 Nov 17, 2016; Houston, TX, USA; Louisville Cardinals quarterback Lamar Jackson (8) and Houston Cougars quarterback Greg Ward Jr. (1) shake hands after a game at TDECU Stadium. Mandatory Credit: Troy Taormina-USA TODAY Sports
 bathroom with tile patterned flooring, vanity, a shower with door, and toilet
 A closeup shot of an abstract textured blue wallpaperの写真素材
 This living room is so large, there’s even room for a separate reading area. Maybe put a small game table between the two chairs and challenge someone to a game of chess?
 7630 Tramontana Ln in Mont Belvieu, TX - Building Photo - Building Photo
□ □ □
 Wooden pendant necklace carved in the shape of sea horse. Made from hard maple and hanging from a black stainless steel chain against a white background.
□ □ □
What the task requires:
In the listing above, locate the line containing "Nov 17, 2016;" and the line containing "7630 Tramontana Ln", then transcribe both and every line between them verbatim.

Answer space:
 Nov 17, 2016; Houston, TX, USA; Louisville Cardinals quarterback Lamar Jackson (8) and Houston Cougars quarterback Greg Ward Jr. (1) shake hands after a game at TDECU Stadium. Mandatory Credit: Troy Taormina-USA TODAY Sports
 bathroom with tile patterned flooring, vanity, a shower with door, and toilet
 A closeup shot of an abstract textured blue wallpaperの写真素材
 This living room is so large, there’s even room for a separate reading area. Maybe put a small game table between the two chairs and challenge someone to a game of chess?
 7630 Tramontana Ln in Mont Belvieu, TX - Building Photo - Building Photo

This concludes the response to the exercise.